As the child grows older, the range of his habits increases; and by the
time he has reached his middle teens, the greater number of his personal
habits are formed. It is very doubtful whether a boy who has not formed
habits of punctuality before the age of fifteen will ever be entirely
trustworthy in matters requiring precision in this line. The girl who
has not, before this age, formed habits of neatness and order will
hardly make a tidy housekeeper later in her life. Those who in youth
have no opportunity to habituate themselves to the usages of society may
study books on etiquette and employ private instructors in the art of
polite behavior all they please later in life, but they will never cease
to be awkward and ill at ease. None are at a greater disadvantage than
the suddenly-grown-rich who attempt late in life to surround themselves
with articles of art and luxury, though their habits were all formed
amid barrenness and want during their earlier years.

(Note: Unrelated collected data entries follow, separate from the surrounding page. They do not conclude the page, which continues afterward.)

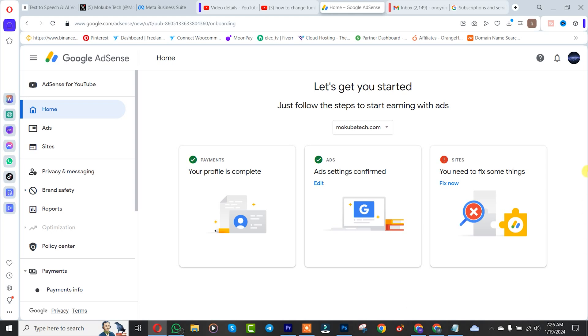Hello guys, in this tutorial I'll be showing you how to cancel or close your Google AdSense account. Let's get into the video. So guys, I just moved into a new location.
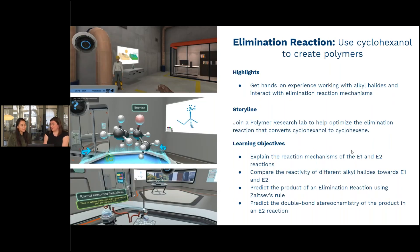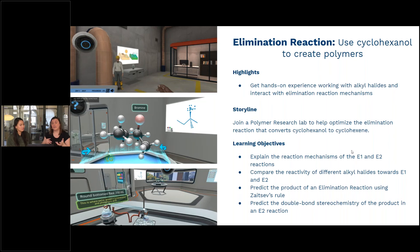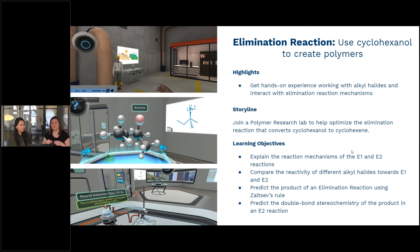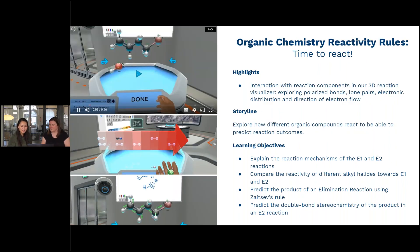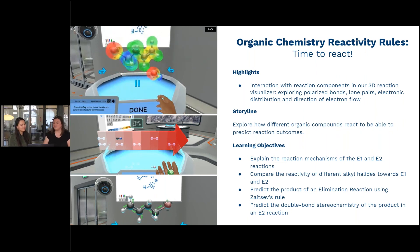In the Elimination Reactions simulation, students arrive at a polymer research lab where there's a problem — a byproduct has appeared in one of their processes. The reaction converting cyclohexanol to cyclohexene has an unexpected byproduct, so students are sent off to the lab to learn the theory, including the differences between E1 and E2 mechanisms, comparing the different reactivity of alkyl halides, predicting using Zaitsev's rule what the product might be, naming those products, and predicting the stereochemistry around the double bond. At the bottom of the screen you can see a distillation setup which the student explores.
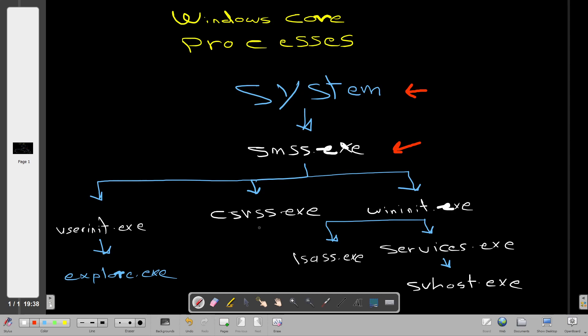The Client Server Runtime Process (csrss.exe) is the user mode side of the Windows subsystem. It is very critical to system operation — if you terminate it, you will experience interruptions or shutdown of Windows. It is responsible for the Win32 console window, process and thread creation and deletion, making Windows API calls for other processes, mapping drive letters, and handling the Windows shutdown process.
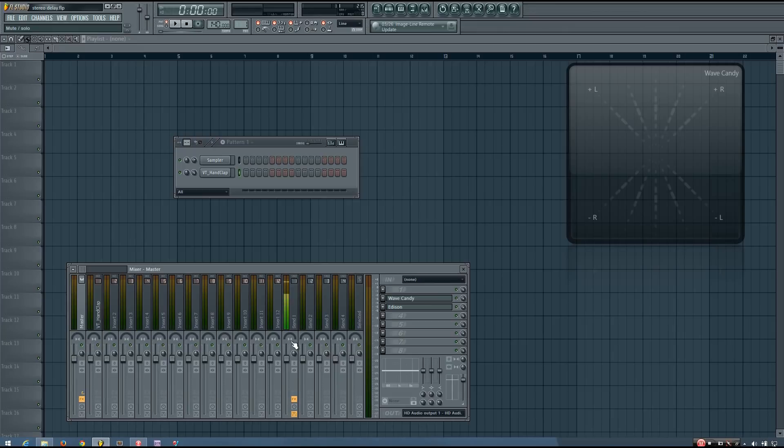Hey everybody, this is the Forth here, and in this video I will be introducing you to the Stereo Delay plugin and the Haas effect.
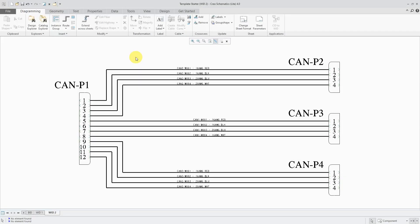In Creo Schematics, there are two different ways of creating cables. One is with a predefined artifact and the other way is by bundling cores, pretty much creating a cable on the fly.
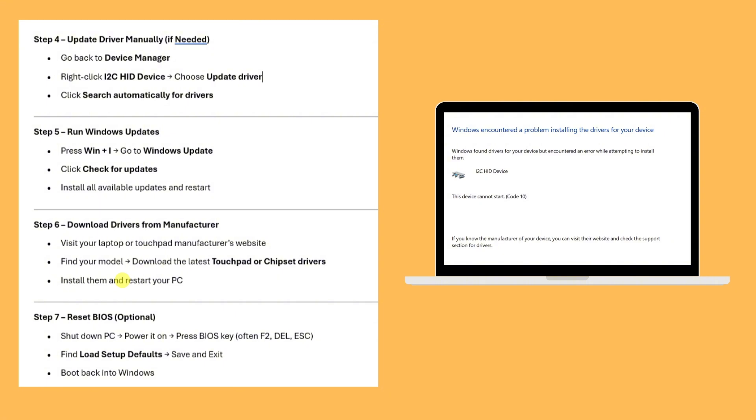Step six: Download drivers from the manufacturer's website. Visit your laptop or touchpad manufacturer's website, find your model, and download the latest touchpad or chipset drivers. Install them and restart your PC.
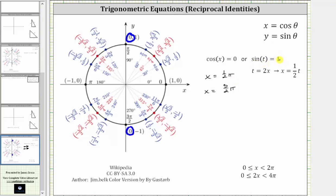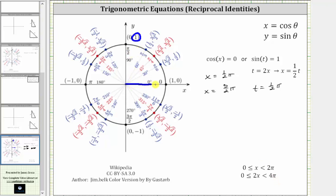Now let's solve sine t equals one. Because t equals two x and x is on the interval from zero to two pi, we need to solve this equation for t from zero to four pi radians. To solve sine t equals one, we look for y-coordinates of the unit circle equal to one, which only occurs at pi over two radians. So t equals one half pi. Another angle in the interval coterminal to one half pi would be one half pi plus two pi, which is five halves pi radians. So t can also equal five halves pi radians.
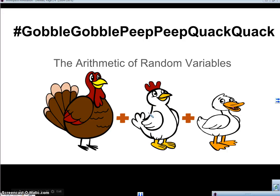Hello, this is Mr. Maestus, and you're watching this video on the arithmetic of random variables.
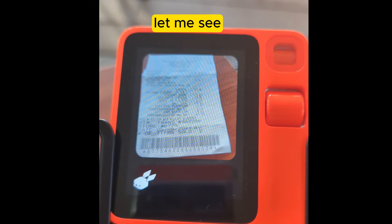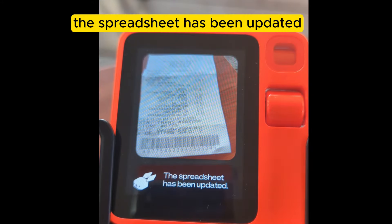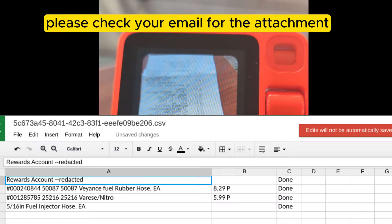Let me see. The spreadsheet has been updated. Please check your email for the attachment.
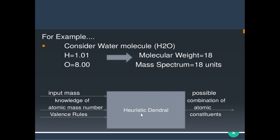Heuristic Dendral takes inputs including the input mass, knowledge of atomic mass of molecules, and valence rules. From these inputs it produces the output: the possible combinations of atomic constituents.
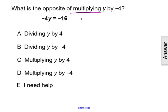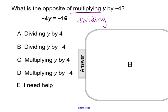the opposite would be to divide, or dividing y by negative 4, making our answer choice B.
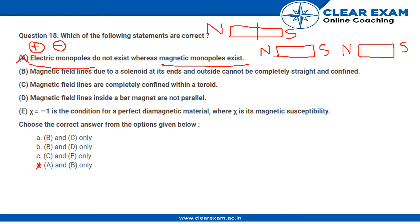Option A being incorrect means option D is also incorrect among the choices. Looking at the common options, B is common, so let us look at option B: magnetic field lines due to a solenoid at its end and outside cannot be completely straight and confined. This statement is incorrect because the magnetic field lines due to a solenoid at its end and outside cannot be confined, yet this statement says they are confined — so this statement is incorrect.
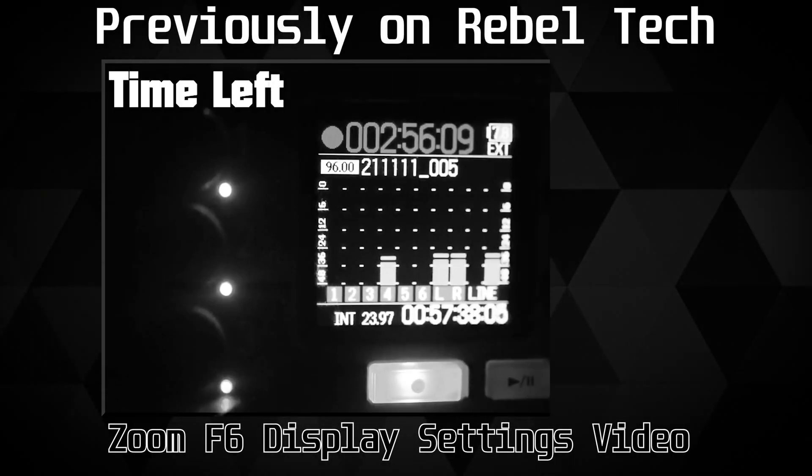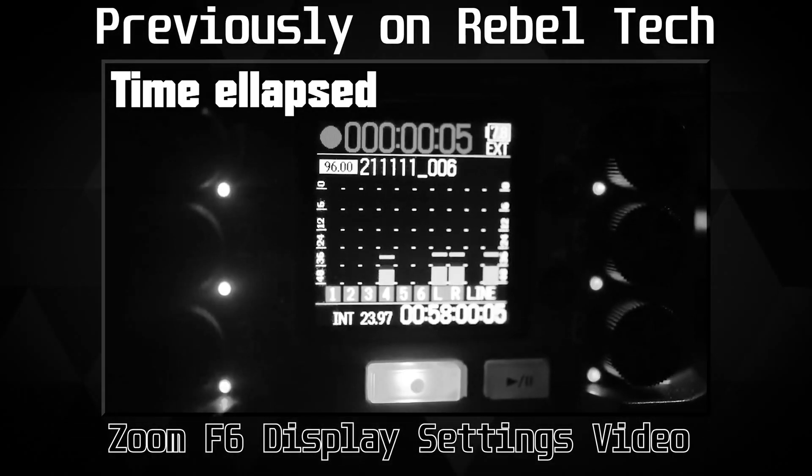Next thing: your playback time. You can have elapsed time or time remaining, and I covered this in my display settings video — go there to learn how to do that through the menu. For the most part I use time elapsed; I don't use time remaining because it doesn't make sense to me. I want to know how much time has passed since I started recording. If you prefer time remaining, let me know.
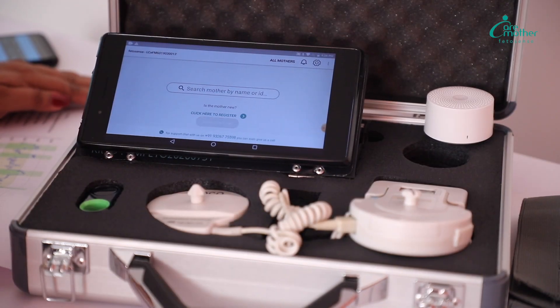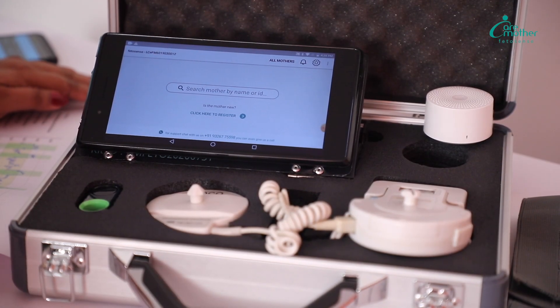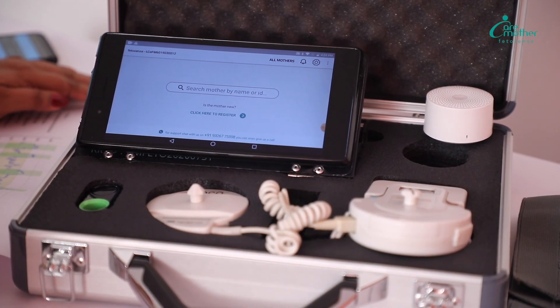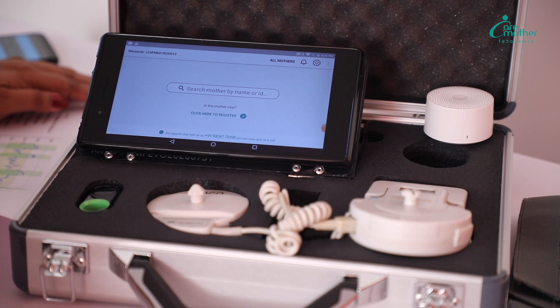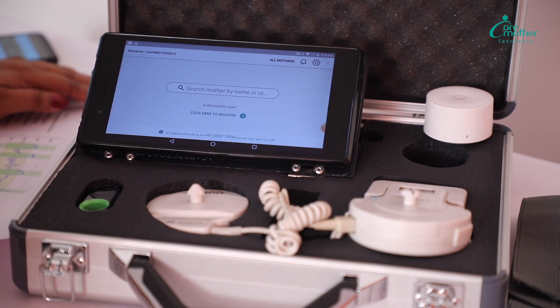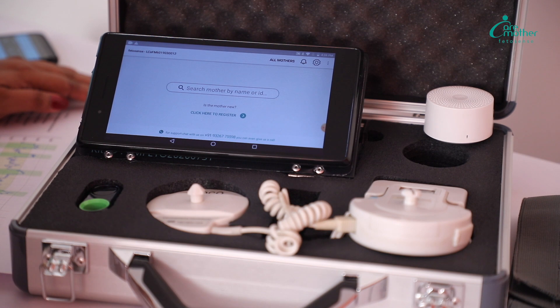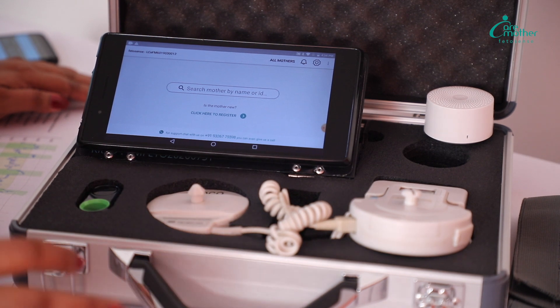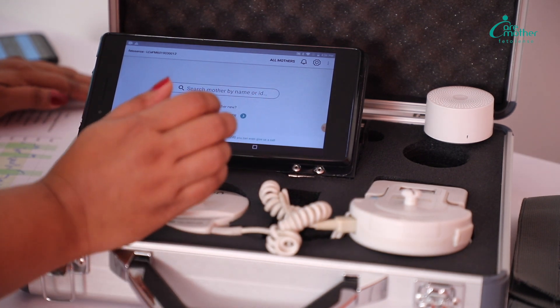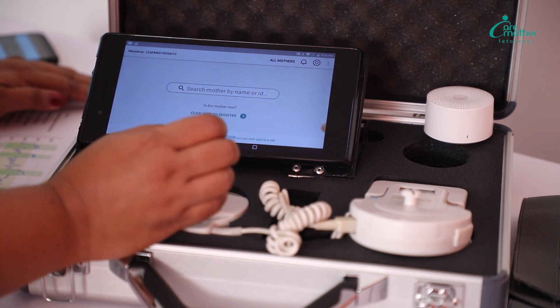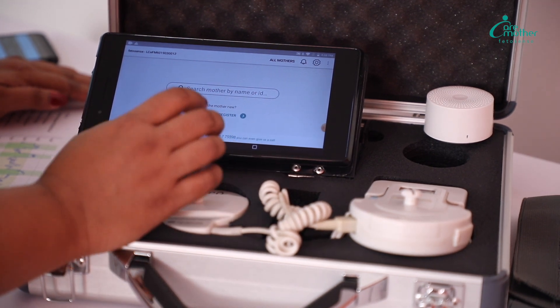The next feature on this device is unlimited cloud storage of patient data. Whenever you do a test on this device, the test is auto-saved in the form of a PDF.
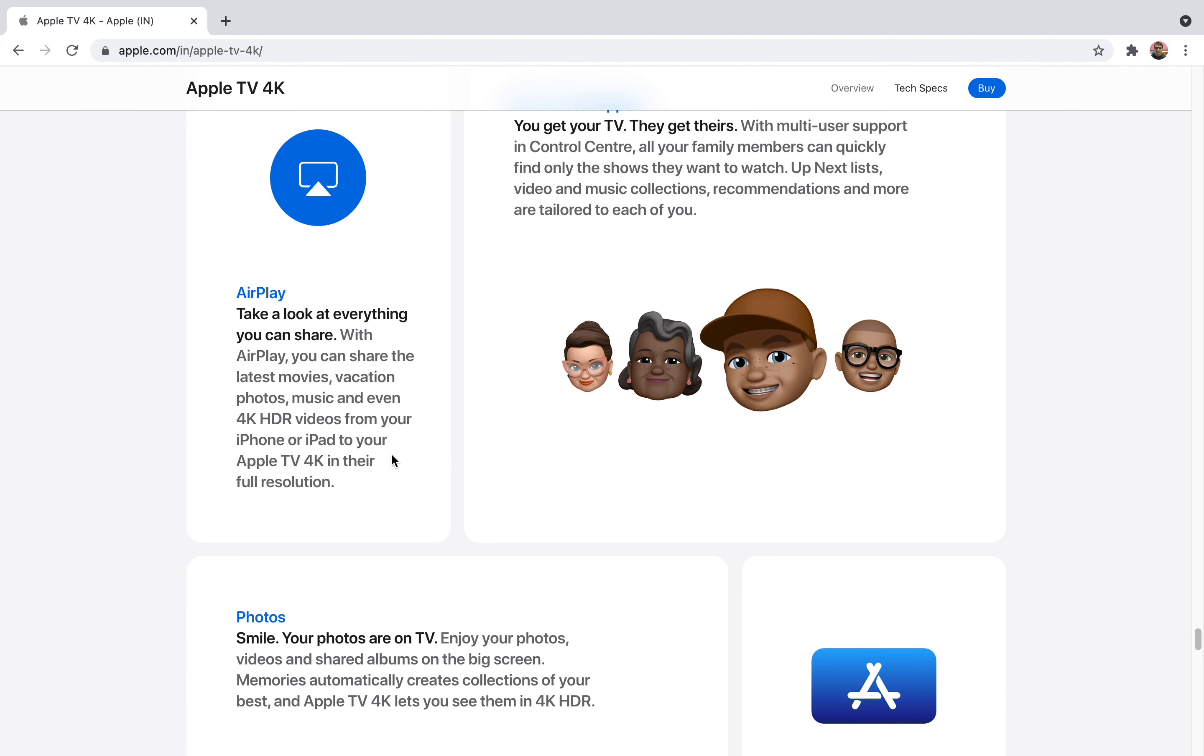By AirPlay you can stream your Apple devices to other things like 4K HDR videos from your iPhone or iPad to your Apple TV 4K in their full resolution. Let's say you're watching a video on your iPhone and immediately you want to turn it to your Apple TV 4K.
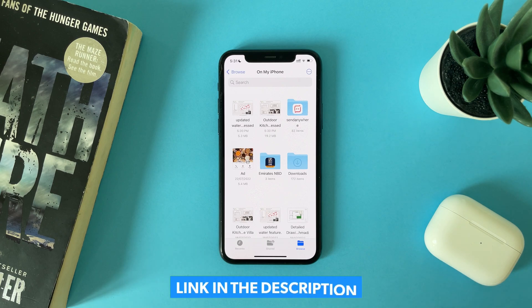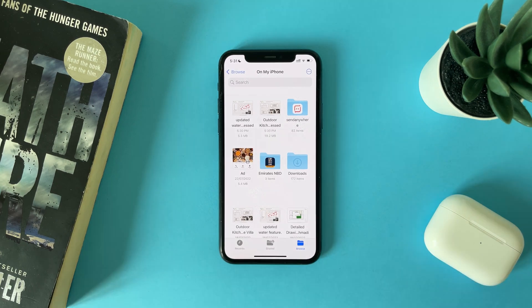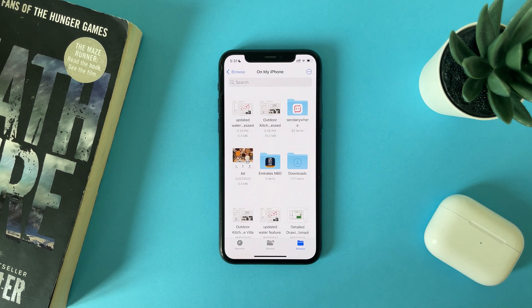I have all the links in the description. That's it — thank you for watching, don't forget to subscribe, support us, and see you in the next video.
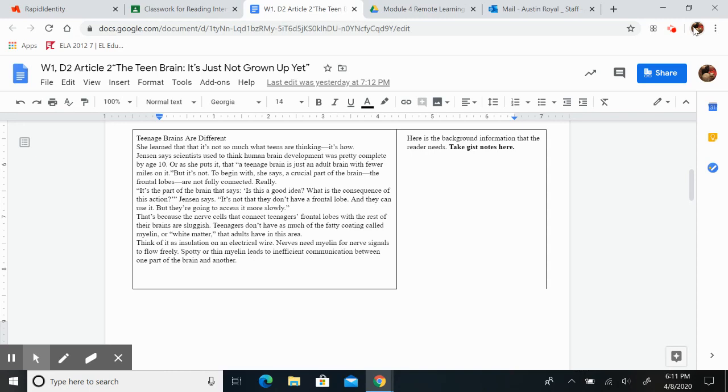Looking in that paragraph, take gist notes in the right-hand column. Press pause.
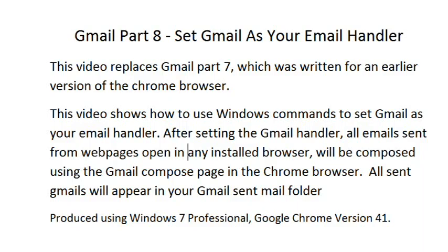Gmail Part 8. Set Gmail as your email handler. This video replaces Gmail Part 7, which was written for an earlier version of the Chrome browser.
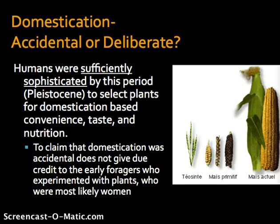There is much discussion in archaeology and beyond about whether domestication was an accidental or deliberate process. Many anthropologists argue that humans were sufficiently sophisticated by the Pleistocene to select plants for domestication based on convenience, taste, and nutrition. They assert that to claim otherwise does not give due credit to early foragers who experimented with plants, who were most likely women. This is part of a larger debate around the 'man the hunter' versus 'woman the gatherer' hypothesis as the driving force of human evolutionary history.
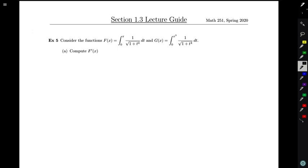Continuing on in section 1.3, we want to do an example where we get a chance to use our second version of the fundamental theorem of calculus. We had a first version which told us that when you're integrating some function you can find an antiderivative of that function and evaluate it to compute the integral. Our second version said that if you have a function defined by an integral, it's fairly easy to take the derivative of it.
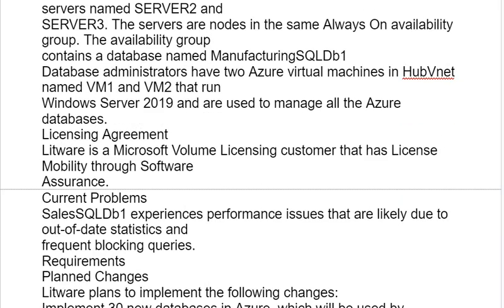The Manufacturing Office contains two on-premises SQL Server 2016 servers named Server2 and Server3, which are nodes in the same Always On availability group. The availability group contains a database named Manufacturing SQL DB1. Database Administrators have two Azure virtual machines in HubVNet named VM1 and VM2, running Windows Server 2019, used to manage all Azure databases. Litware is a Microsoft volume licensing customer with license mobility through Software Assurance.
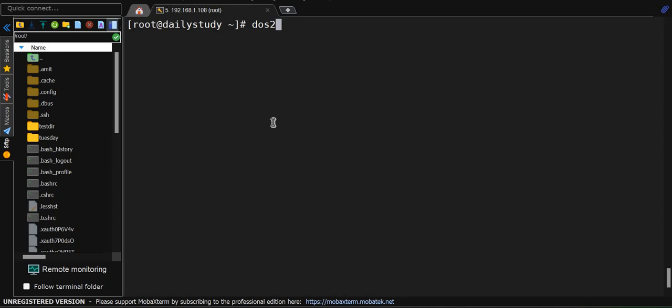Introducing DOS to UNIX command. You can easily convert text files from Windows to UNIX format and vice versa. Simply input the file you want to convert, hit the enter key, and voila.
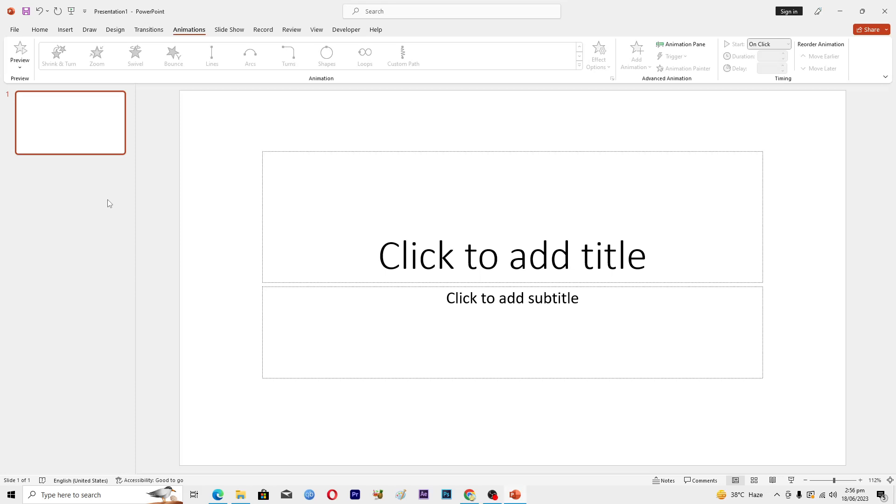Hello guys and welcome back to my channel. In this video I will tell you how to add continuous text scrolling effect in PowerPoint.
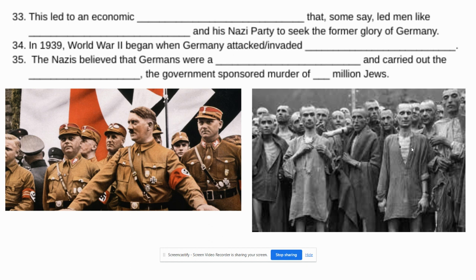With World War I ending, this led to an economic depression, and some say it led men like Adolf Hitler and his Nazi party to seek the former glory of Germany. And this is going to lead to the rise of dictatorships throughout Europe.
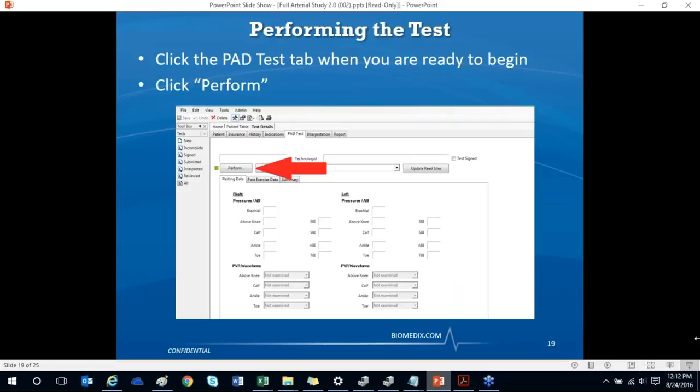Once ready to start the test, click on the PAD Test tab. Make sure the box next to the 'Perform' button is green. If it's red, check that your device is turned on and that the USB cable connecting the PADNet device to your laptop is securely plugged in. Once the device is on and connected, the light will turn from red to green within a couple of seconds. Once you see the green light, click 'Perform' to start the test.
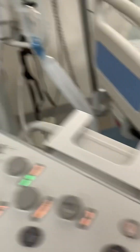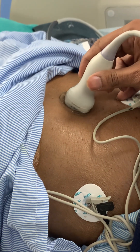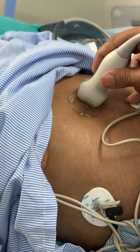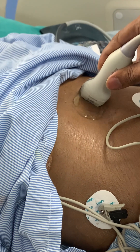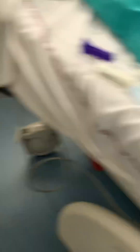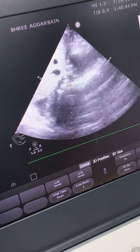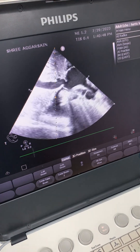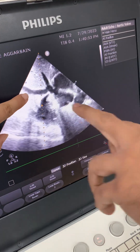There are two probe movements: a sliding movement and a gliding movement. Gliding is this movement, and sliding is when you move the probe away. Using these two movements together, you try to focus and obtain the perfect picture.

THE HABIT OF ACHIEVEMENT.--What youth does not dream of being great, or
noble, or a celebrated scholar! And how few there are who finally
achieve their ideals! Where does the cause of failure lie? Surely not in
the lack of high ideals. Multitudes of young people have Excelsior! as
their motto, and yet never get started up the mountain slope, let alone
toiling on to its top. They have put in hours dreaming of the glory
farther up, and have never begun to climb. The difficulty comes in not
realizing that the only way to become what we wish or dream that we may
become is to form the habit of being that thing. To form the habit of
achievement, of effort, of self-sacrifice, if need be. To form the habit
of deeds along with dreams; to form the habit of doing.
Who of us has not at this moment lying in wait for his convenience in
the dim future a number of things which he means to do just as soon as
this term of school is finished, or this job of work is completed, or
when he is not so busy as now? And how seldom does he ever get at these
things at all! Darwin tells that in his youth he loved poetry, art, and
music, but was so busy with his scientific work that he could ill spare
the time to indulge these tastes. So he promised himself that he would
devote his time to scientific work and make his mark in this. Then he
would have time for the things that he loved, and would cultivate his
taste for the fine arts. He made his mark in the field of science, and
then turned again to poetry, to music, to art. But alas! they were all
dead and dry bones to him, without life or interest. He had passed the
time when he could ever form the taste for them. He had formed his
habits in another direction, and now it was forever too late to form new
habits. His own conclusion is, that if he had his life to live over
again, he would each week listen to some musical concert and visit some
art gallery, and that each day he would read some poetry, and thereby
keep alive and active the love for them.
So every school and home should be a species of habit-factory--a place
where children develop habits of neatness, punctuality, obedience,
politeness, dependability and the other graces of character.